Following Gabriel, for $\mathcal C$ a Grothendieck category, set $\mathcal T(\mathcal C)$ to be the localizing subcategory generated by the objects of finite length, and $\mathcal C' = \mathcal C / \mathcal T(\mathcal C)$ to be the localization thereat. This construction may be iterated: set $\mathcal C^{(0)} = \mathcal C$, $\mathcal C^{(\alpha+1)} = \mathcal C^{(\alpha)\prime}$ and at limit ordinals take intersections. By abstract nonsense this chain eventually stabilizes at some ordinal $\delta(\mathcal C)$, and $\mathcal C$ is said to be a Gabriel category if $\mathcal C^{(\delta(\mathcal C))} = 0$. The ordinal $\delta(\mathcal C)$ is called the Gabriel dimension of $\mathcal C$ (this term is usually reserved for the case when $\mathcal C$ is a Gabriel category, but let's agree to apply it even when $\mathcal C^{(\delta(\mathcal C))} \neq 0$).
Question: What is an example of a Grothendieck category which is not Gabriel?
Equivalently, by looking at the $\mathcal C^{(\delta(\mathcal C))}$, I’m looking for a nonzero Grothendieck category with no simple objects.
Gabriel shows that Gabriel categories are closed under localization at a localizing subcategory. So by the Gabriel-Popescu theorem, if there is a non-Gabriel category, then there is a non-Gabriel module category.

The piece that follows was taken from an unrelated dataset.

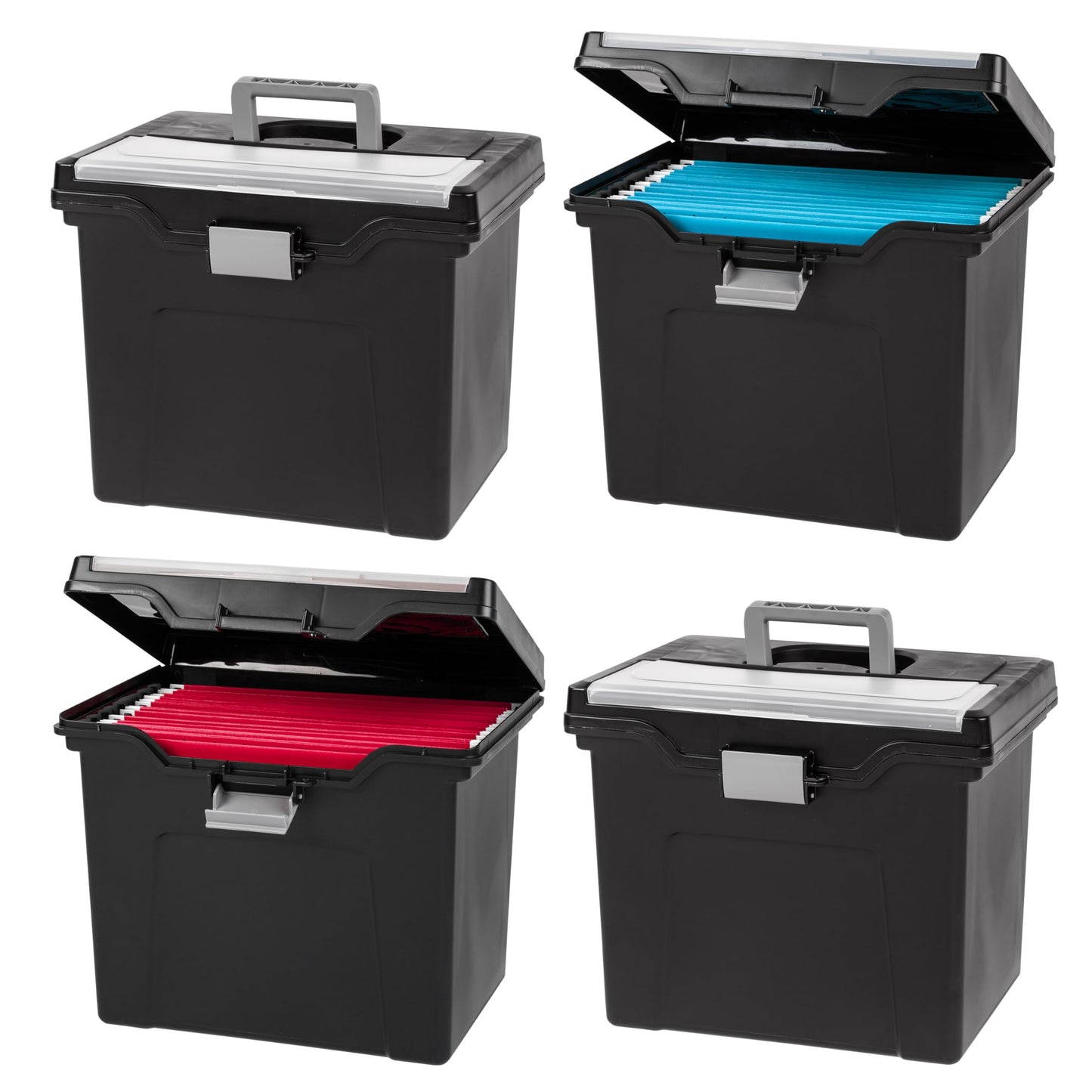 IRIS USA Plastic File Storage Box, Portable Letter Size File Organizer with Lid, Secure Buckle & Handle, BPA-Free Storage Organizer, 4 Pack, Black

I have a proof that every locally finitely generated Grothendieck category (in particular, every module category and hence every Grothendieck category) is Gabriel but I don’t trust it. The proof proceeds by observing that finite length objects are always finitely generated and finitely generated Grothendieck categories are closed under localization at finitely generated objects and every nonzero finitely generated object in a Grothendieck category admits a simple quotient.